In Donal Ryan’s latest novel, Strange Flowers, a twenty year old Moll Gladney, the only daughter of impoverished parents living at the mercy of Castle Catholics in North Tipperary, goes missing. Five years later, she returns with a black British husband and their white baby. You read on for another hundred pages until you learn that Moll went missing because she’d gotten an intercaste kiss off the Castle Catholic wife, Ellen Jackman. C’est ci.
Most people I know who read, are reading Donal Ryan. RTE declares that with Strange Flowers, “Ryan reaffirms his place amongst Ireland’s greatest wordsmiths”. The Irish Independent describes it as “an expansive and thought provoking parable”. In an interview with The Irish Times, Ryan mentions that he “casts no shade”, aka, makes no negative comments in public about other writers, and taking its cue from him, The Irish Times refrains from evaluating his latest work. Friends have said to me that in Ireland – where so much depends on your network, who your parents are, and whether or not you are alumni of one or two universities – no one writes negative reviews. No published writer gets a roasting in a broadsheet or by the national broadcaster. A former colleague of mine, someone’s son and a Trinity graduate, confessed to me that he did not have the courage to write a negative review even of mainstream American bands for a local paper. Across the Irish Sea, after lavishing Strange Flowers with praise, The Guardian goes as far as to admit “Strange Flowers may be the weakest of Ryan’s novels, but it is still a gorgeously wrought book”.
The first Donal Ryan novel I attempted to read was From a Low and Quiet Sea. I opened the book at the boarding gate in Vienna Airport and drank from its pages until they called my flight. On a sentence level, Ryan demonstrates pure mastery. He is the foremost contemporary writer of the Hiberno-English sentence. His words flow in a natural North Munster vernacular. The levity of his writing zeros out the length of his sentences as he carries you through page after page at great speeds. In Vienna, by the time they called my flight, I had almost made it to the end. However, once I boarded the flight, I forgot all about it and never opened the book again. Despite not having made it through From a Low and Quiet Sea, I continued to read Ryan’s books because everyone who reads seems to be reading Ryan. And here I am, bewildered and reluctant to express what I think about this book because in Ireland no one takes such risks, do they?
Was it through this same lack of courage that Ryan arrived at the careful plot of Strange Flowers? His sentences meander through themes of interracial relationships and lesbianism but he seals them within the safety of a 1970s time capsule. The main characters, who subsist on the good graces of their wealthy landlord, never question their lot in life. When their mind wanders, it waxes lyrical about the beauty of the North Tipperary countryside, never to fantasies of seizing the means of production. Ryan grazes on themes of inequality, class, and race but never bites.

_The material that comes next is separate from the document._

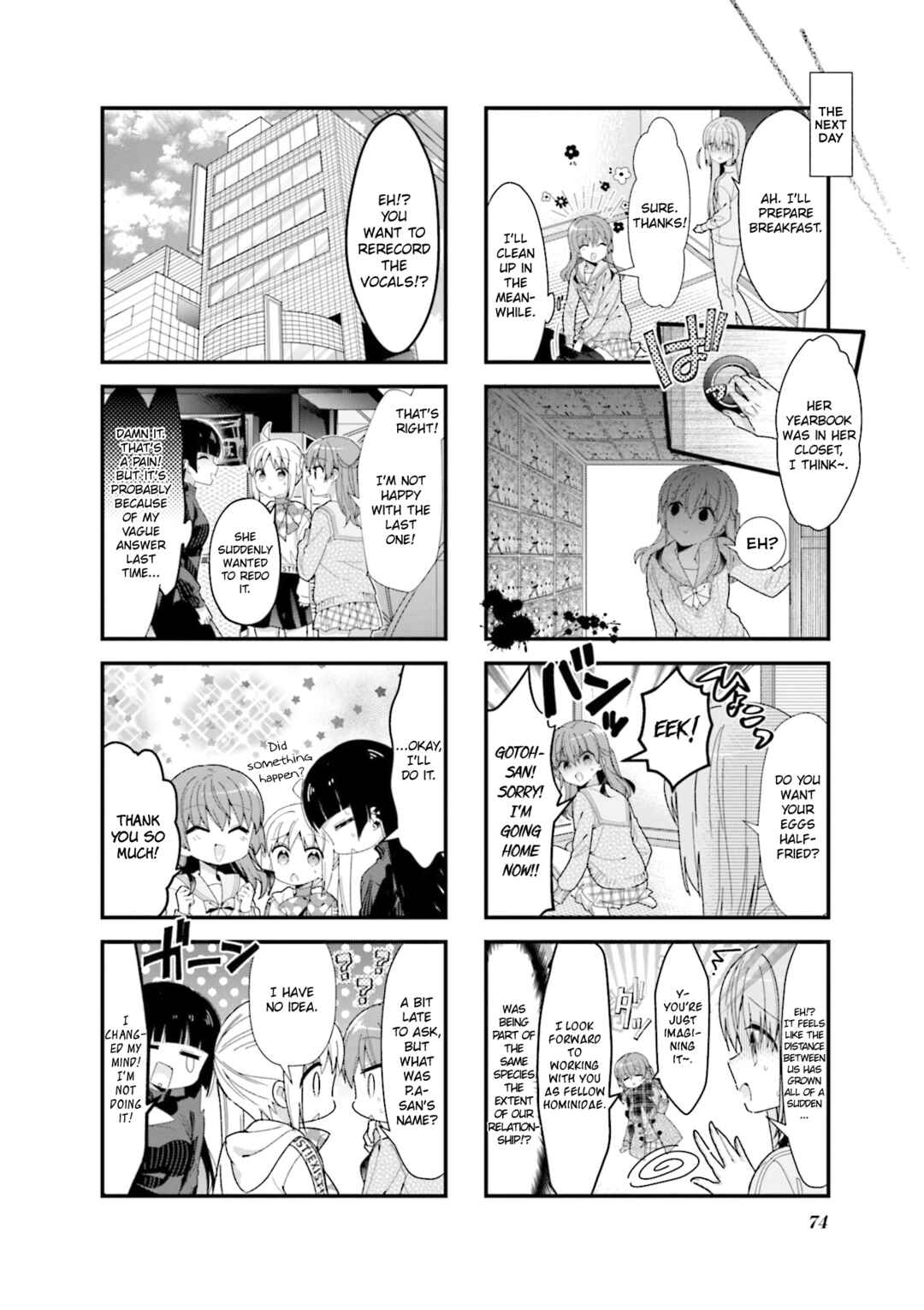 Page 8 Chapter 33 Bocchi the Rock!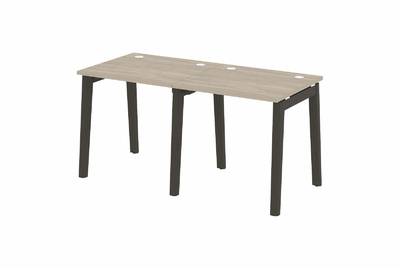 Рабочая станция на деревянных опорах Onix wood OW.RS-2.0.7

Because of the black characters, the publishers went as far as to hire a sensitivity reader who flagged and removed some issues from the manuscript. Despite this extreme caution, if Strange Flowers had been the work of a white US or British male writer, its flatness would have courted controversy. The portrayal of the black experience in Strange Flowers reads like a caricature of a Zadie Smith novel crossed with the British soap Eastenders. While Ryan does orbit the issue of black fragility, his continued reticence leaves the text both ignorant and ineffective. The black characters seem too hot to handle in any meaningful or insightful way to the extent that if there had been no blackness in this novel at all, would anything have changed?
In lieu of the roast of Strange Flowers I feel bubbling within me, I offer the Internet a few key insights into Irish life as gleaned from its pages:
- The Gardai remain invisible in cases of sexual harassment, attempted murder, or rape. They materialise only if a black man comes to town, if a teenager has a tiny quantity of hash, or if the person who killed the one black man in town needs consoling.
- Sexual intercourse occurs indoors only in London. In Ireland, sensuality remains restricted to the riverbanks and the Fairyforts.
- The Castle Catholics, the 1% whose expansive inherited wealth means they determine the fate of those around them, are the only people who dwell on and lament the loss of even vaster fortunes they once held.
- A shift between two Irish women lasts a lifetime.